(Beginning of Supplied data)
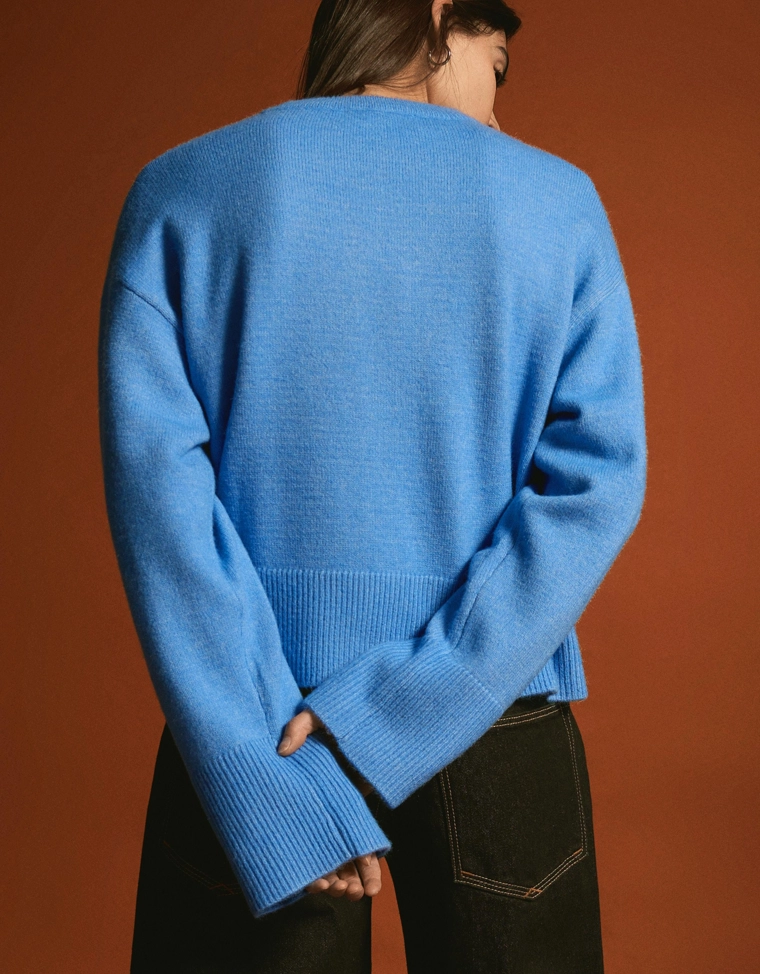 Свитер оверсайз с рифленым низом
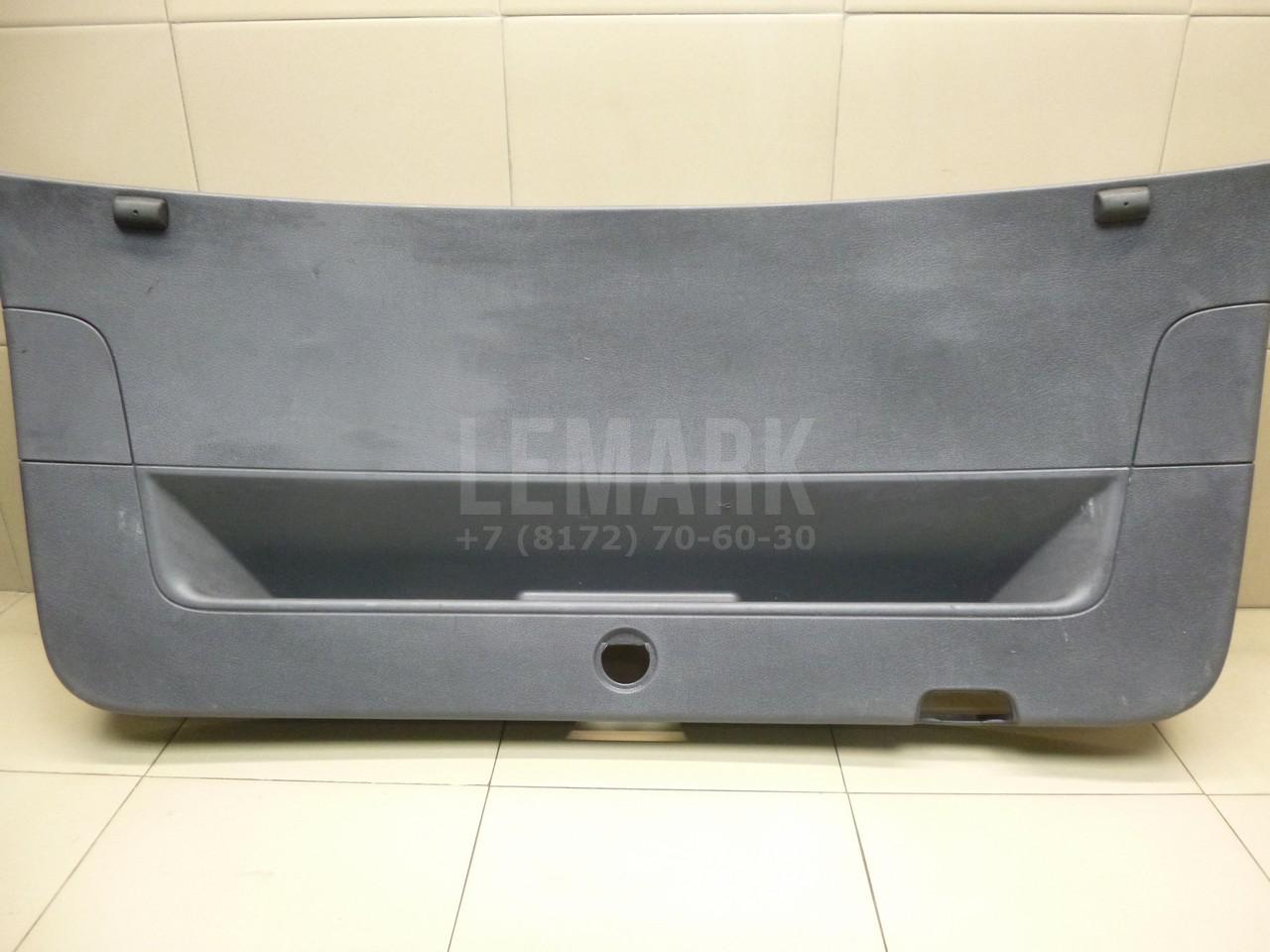 Обшивка двери багажника 5M0867601 VAG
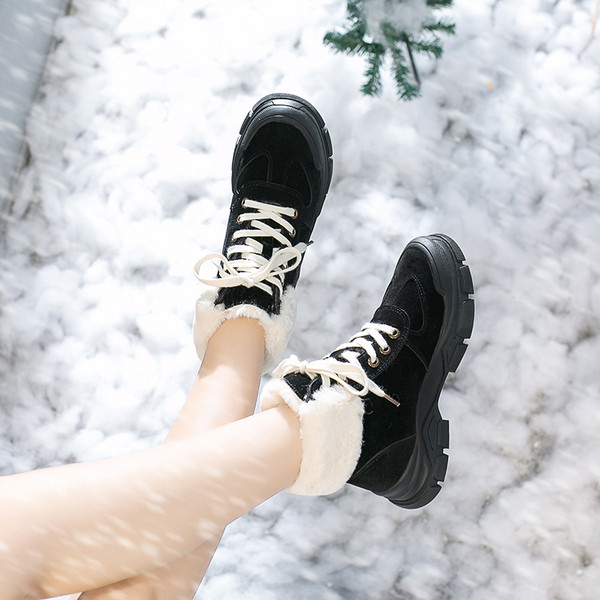 Női őszi-téli csizma pehelyszínnel bézs és fekete színben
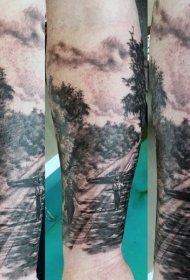 手臂写实的小男孩在路上和风景纹身图案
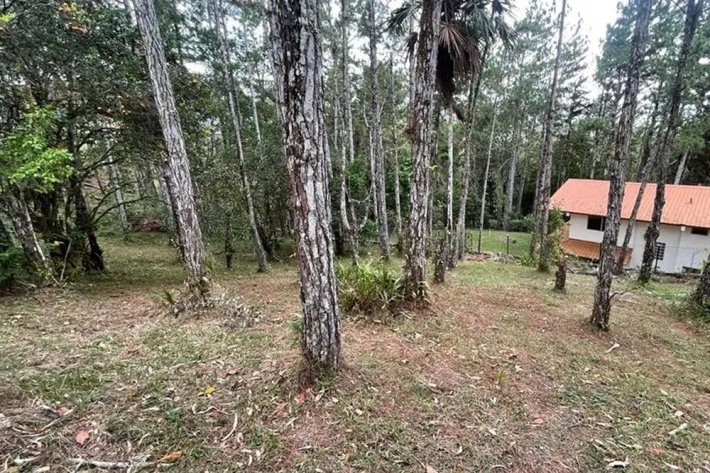Se vende terreno con cabaña en Altos de Cerro Azul, Chilibre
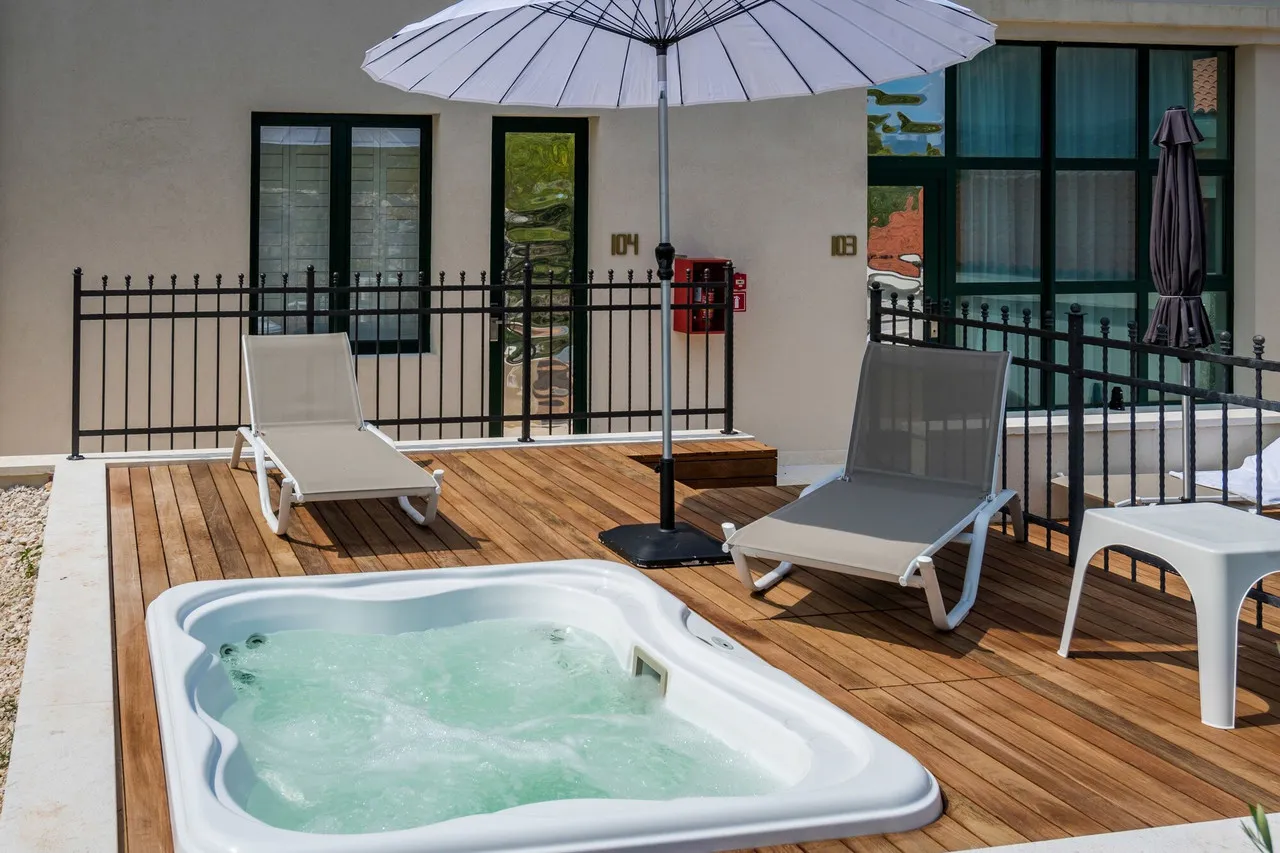 Brown Beach House & Spa — rooms and atmosphere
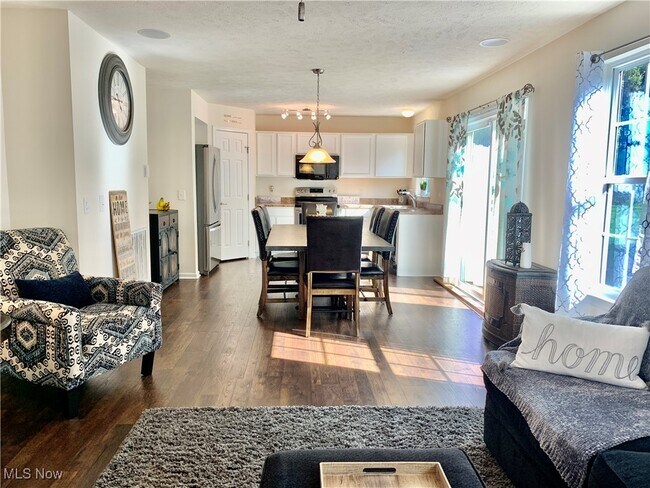 Foto del edificio - 147 Northwood Ln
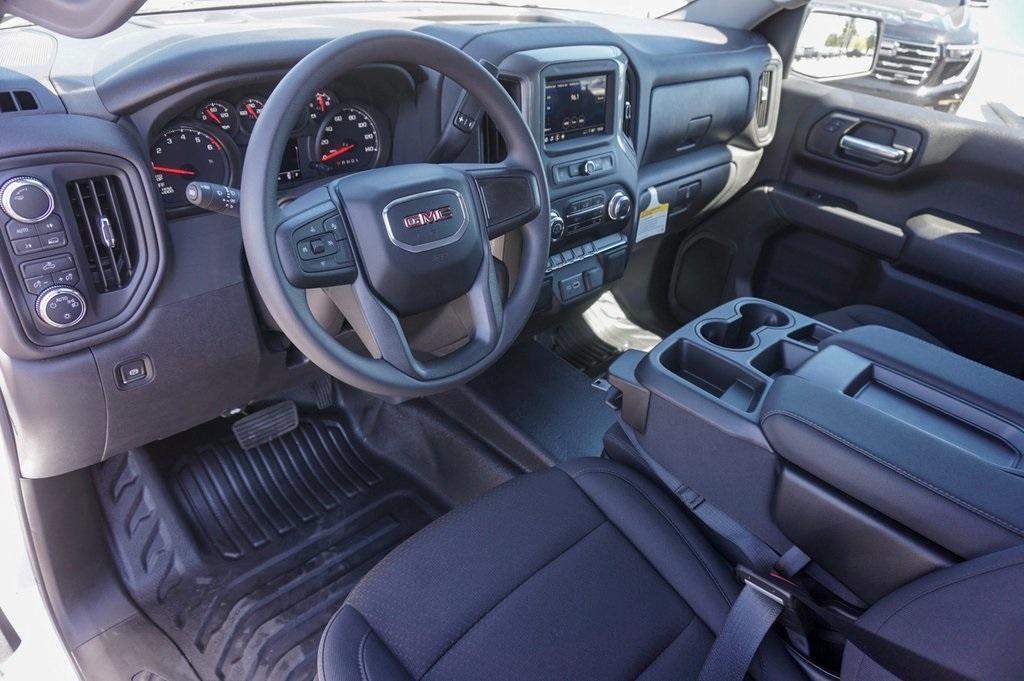 new 2024 GMC Sierra 1500 car, priced at $48,610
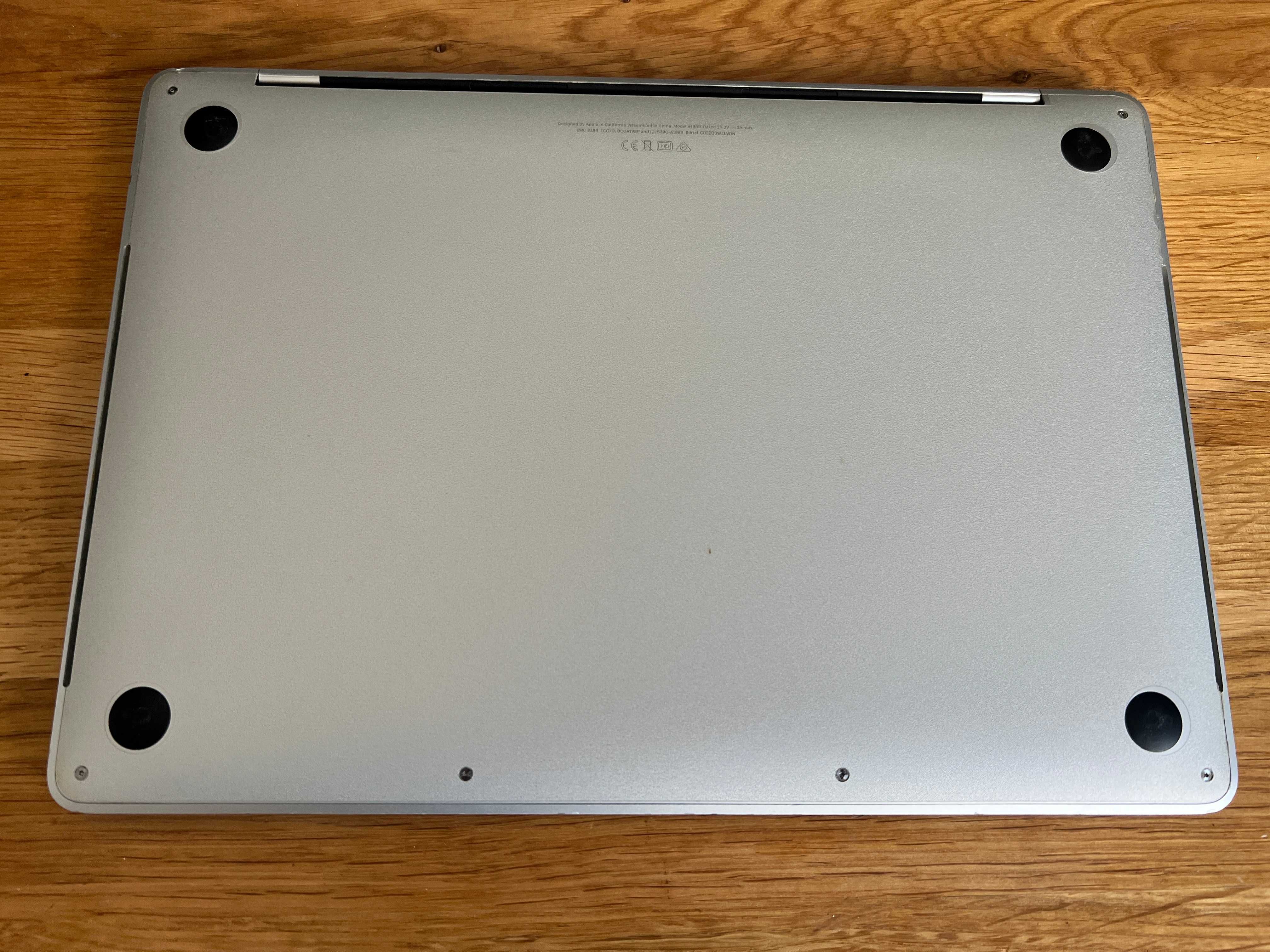 MacBook Pro 13” 2019 • i5 2.4 • 16GB • 512GB • Iris 655 • st. idealny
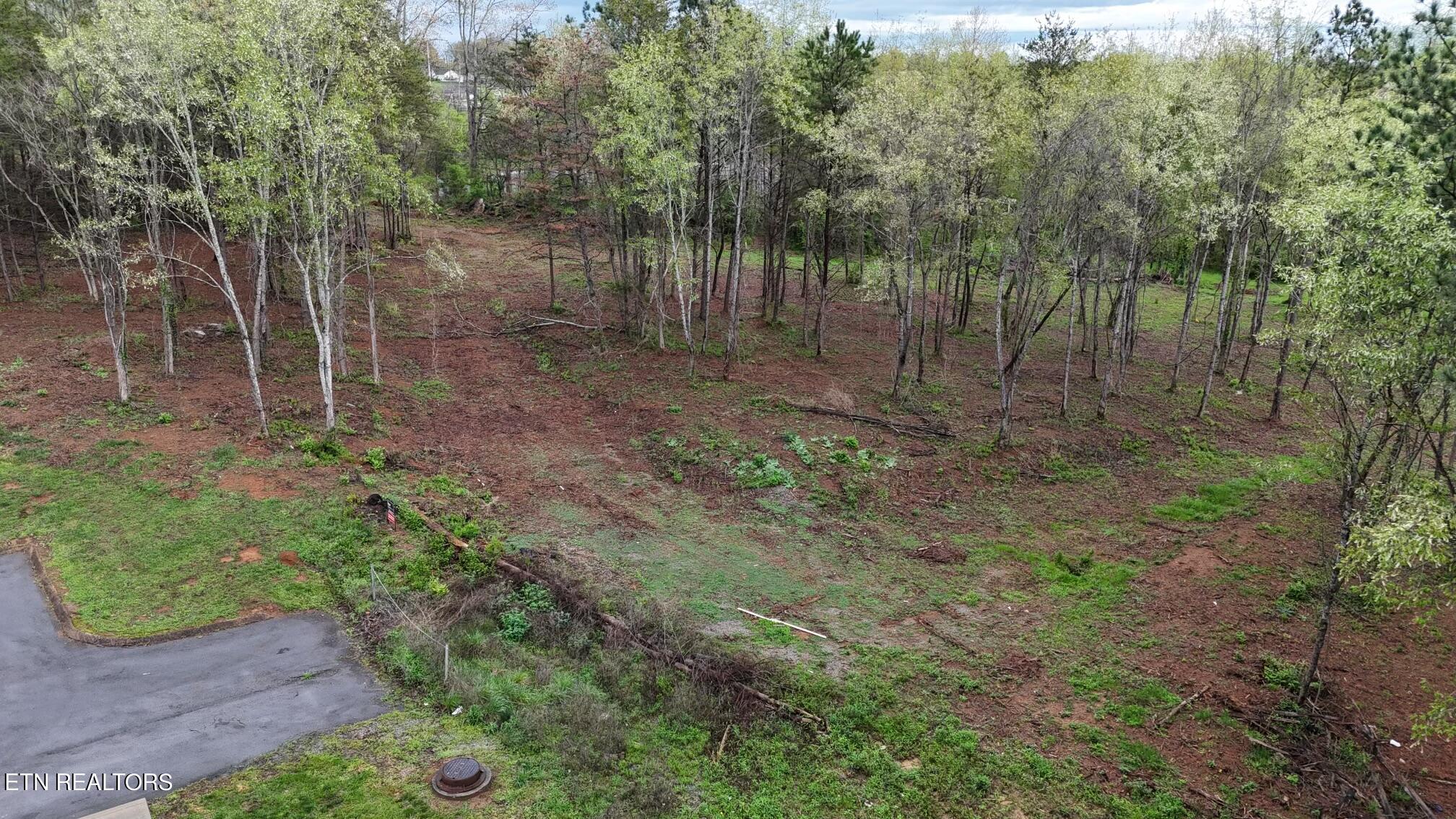 Oak Place Circle Madisonville TN 37354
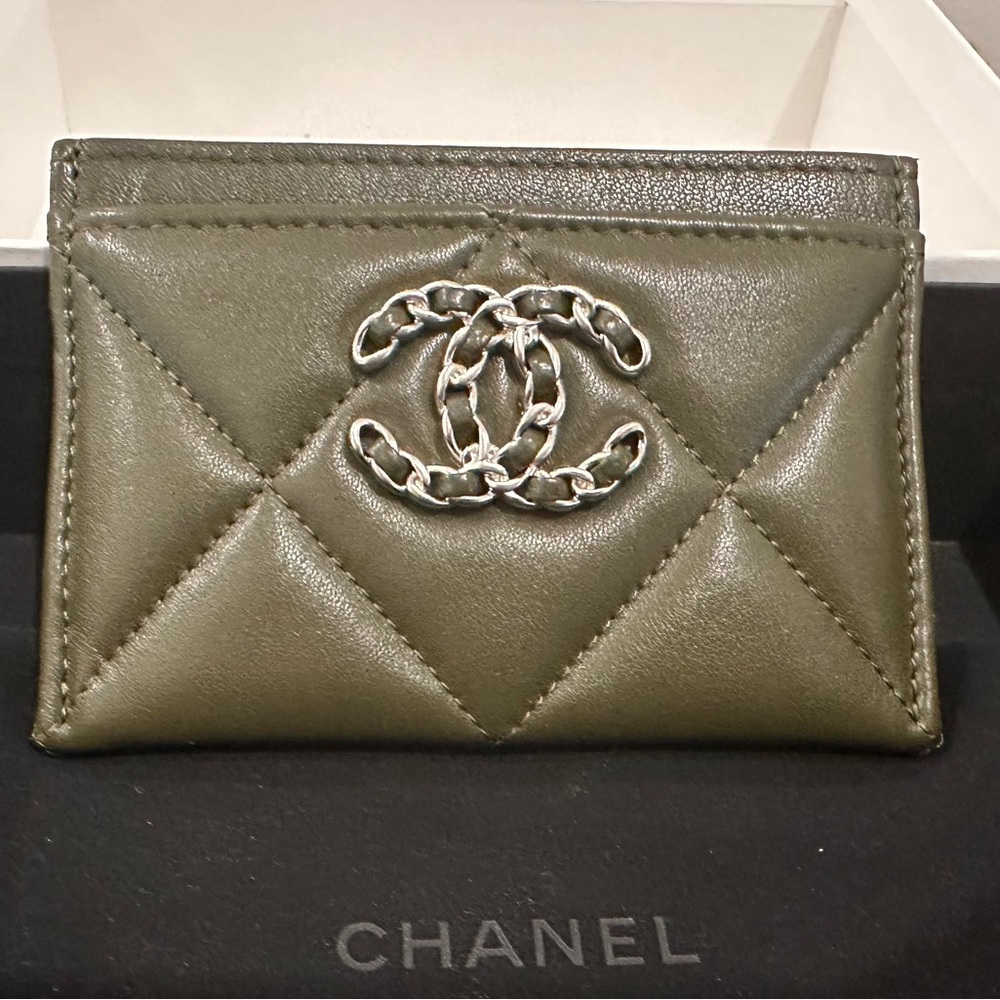 Chanel 19 card holder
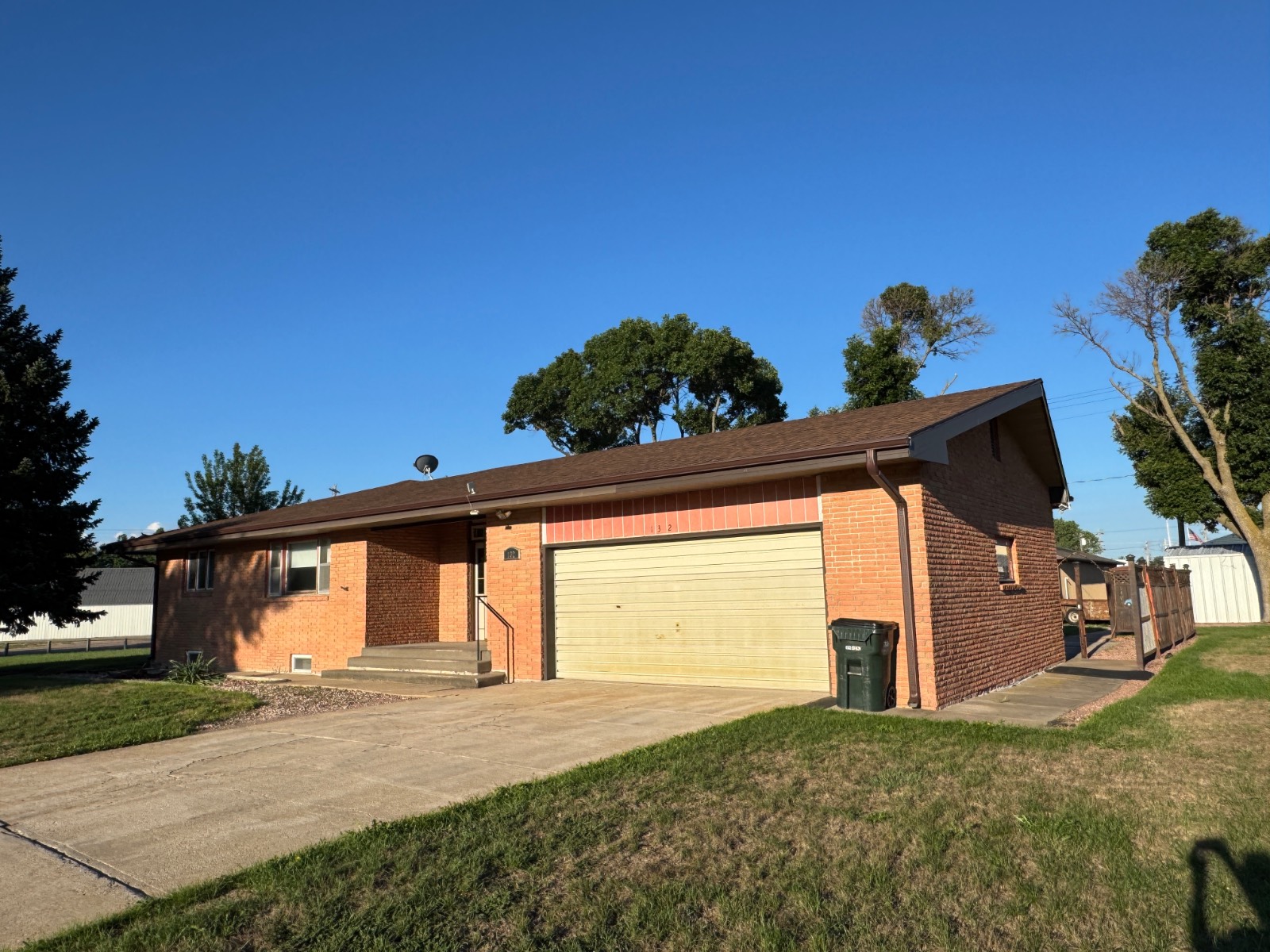 Photo 10 of 52 of home listing at 132 Garfield Street, Stuart, NE 68780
(End of Supplied data)
## What to do
Your copy should match the data above exactly, apart from the pictures.

## Task solution
 Свитер оверсайз с рифленым низом
 Обшивка двери багажника 5M0867601 VAG
 Női őszi-téli csizma pehelyszínnel bézs és fekete színben
 手臂写实的小男孩在路上和风景纹身图案
Se vende terreno con cabaña en Altos de Cerro Azul, Chilibre
 Brown Beach House & Spa — rooms and atmosphere
 Foto del edificio - 147 Northwood Ln
 new 2024 GMC Sierra 1500 car, priced at $48,610
 MacBook Pro 13” 2019 • i5 2.4 • 16GB • 512GB • Iris 655 • st. idealny
 Oak Place Circle Madisonville TN 37354
 Chanel 19 card holder
 Photo 10 of 52 of home listing at 132 Garfield Street, Stuart, NE 68780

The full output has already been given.